▸ **RECORDS FOR THIS TASK**
◇ ◇ ◇ ◇
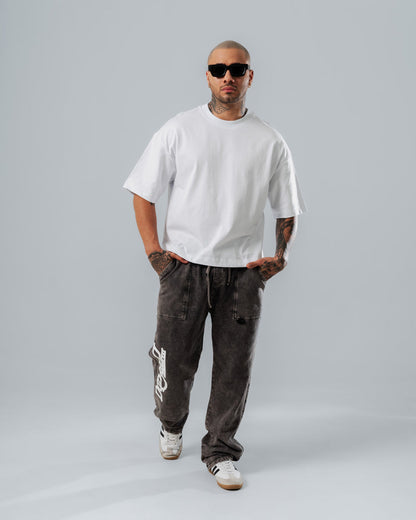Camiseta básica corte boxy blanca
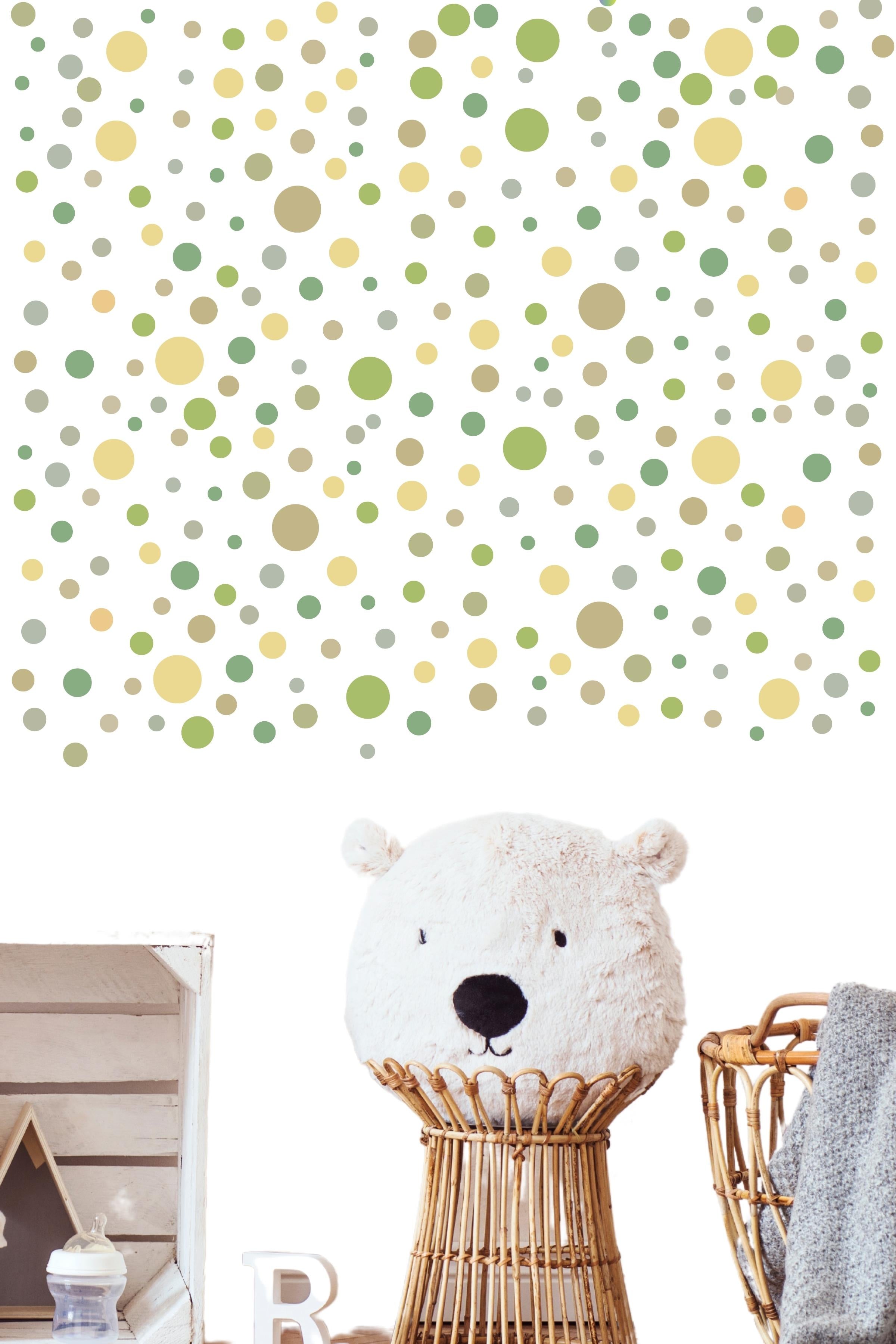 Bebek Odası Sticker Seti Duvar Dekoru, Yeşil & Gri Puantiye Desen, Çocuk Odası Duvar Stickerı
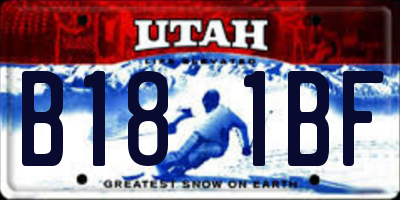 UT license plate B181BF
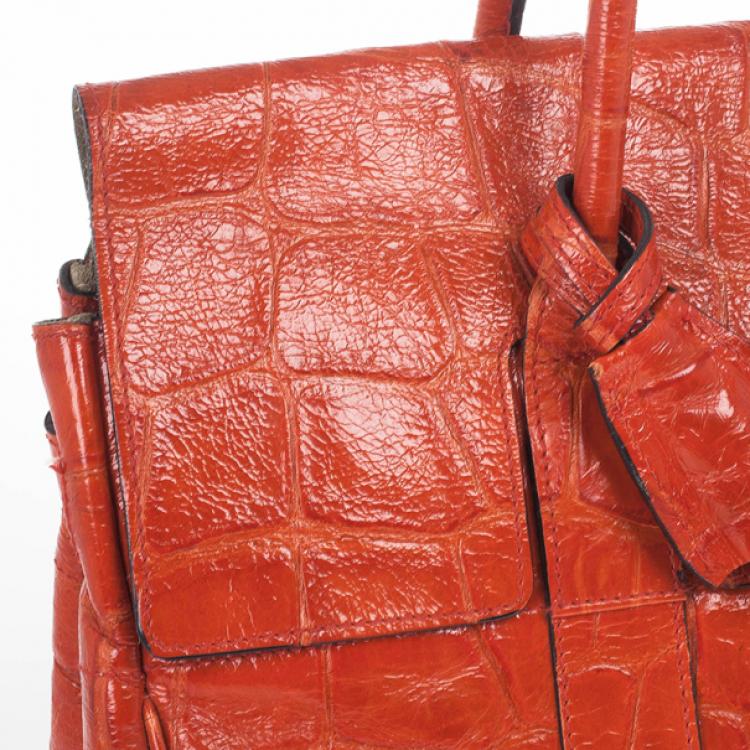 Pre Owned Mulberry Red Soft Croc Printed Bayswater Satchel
◇ ◇ ◇ ◇
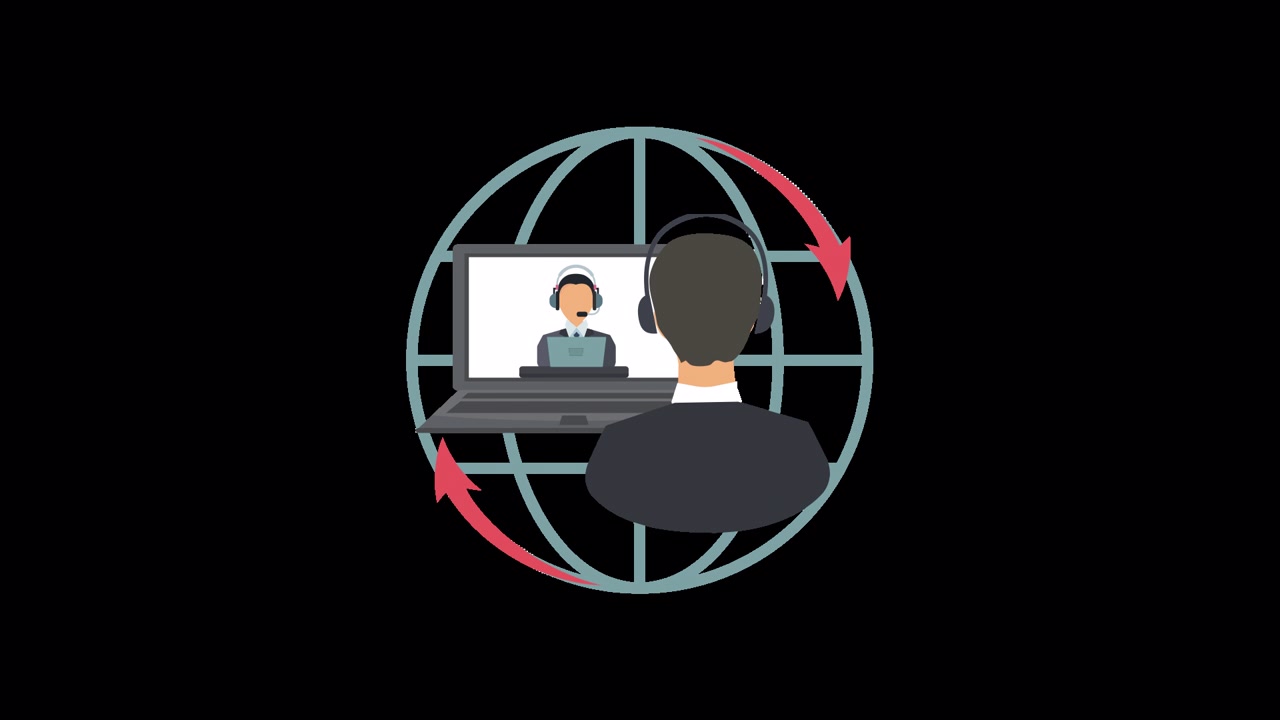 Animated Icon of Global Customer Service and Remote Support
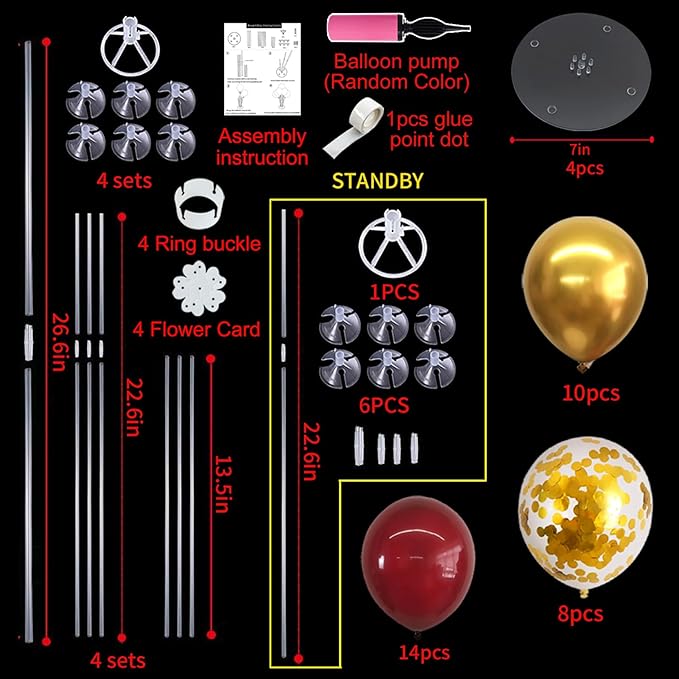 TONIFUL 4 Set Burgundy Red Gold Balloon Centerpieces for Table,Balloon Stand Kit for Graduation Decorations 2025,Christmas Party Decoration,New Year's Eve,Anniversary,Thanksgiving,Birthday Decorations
◇ ◇ ◇ ◇
▸ **WORK REQUEST**
Look above for the line containing "Animated Icon of", then copy exactly from it through the line containing "TONIFUL 4 Set", keeping both and leaving out pictures. Add nothing else.

▸ **SOLUTION FOR THIS EXERCISE**
 Animated Icon of Global Customer Service and Remote Support
 TONIFUL 4 Set Burgundy Red Gold Balloon Centerpieces for Table,Balloon Stand Kit for Graduation Decorations 2025,Christmas Party Decoration,New Year's Eve,Anniversary,Thanksgiving,Birthday Decorations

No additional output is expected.